Late Tuesday, Bridgestone indicated it was bowing out of the bidding war, saying it won’t make a counter offer to top Icahn’s latest.
Pep Boys’ stock has been ratcheting steadily higher over the past two months as a takeover bid from Bridgestone turned into a fight for control with Icahn. Philadelphia-based Pep Boys — Manny, Moe & Jack has about 800 outlets selling auto parts and offering vehicle maintenance.
Its stock has jumped 94 per cent from this time last year and rose almost 9 per cent Tuesday to $18.94, a level not seen since the middle of 2007.
But after Bridgestone said it would not top Icahn’s $18.50 a share bid, the stock slumped more than 3 per cent to $18.32 in after-hours trading Tuesday.
Rumours of a sale of Pep Boys emerged more than two years ago with the exit of CEO Mike Odell and the arrival of three new board members who were nominated by a huge stakeholder in the company.
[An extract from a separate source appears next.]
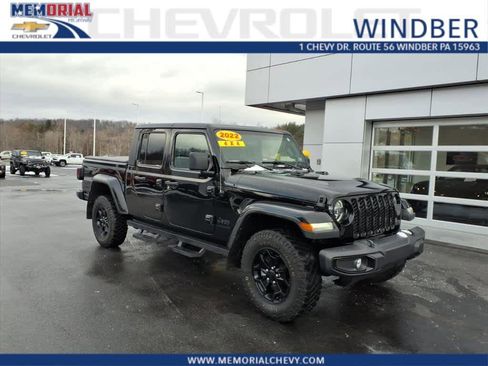 Used 2022 Jeep Gladiator Sport image 1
The company’s tire business has been under pressure and it has sought new ways to generate cash.
The fight over Pep Boys is a small part of an unprecedented year in mergers and acquisitions. The value of buyouts proposed and completed this year has reached a staggering $5.03 trillion, up 37 per cent from just last year, according to Dealogic.
It is the first time that takeovers have exceeded the $5 trillion level, fueled by extremely low interest rates. The Federal Reserve raised interest rates for the first time in nearly a decade less than two weeks ago.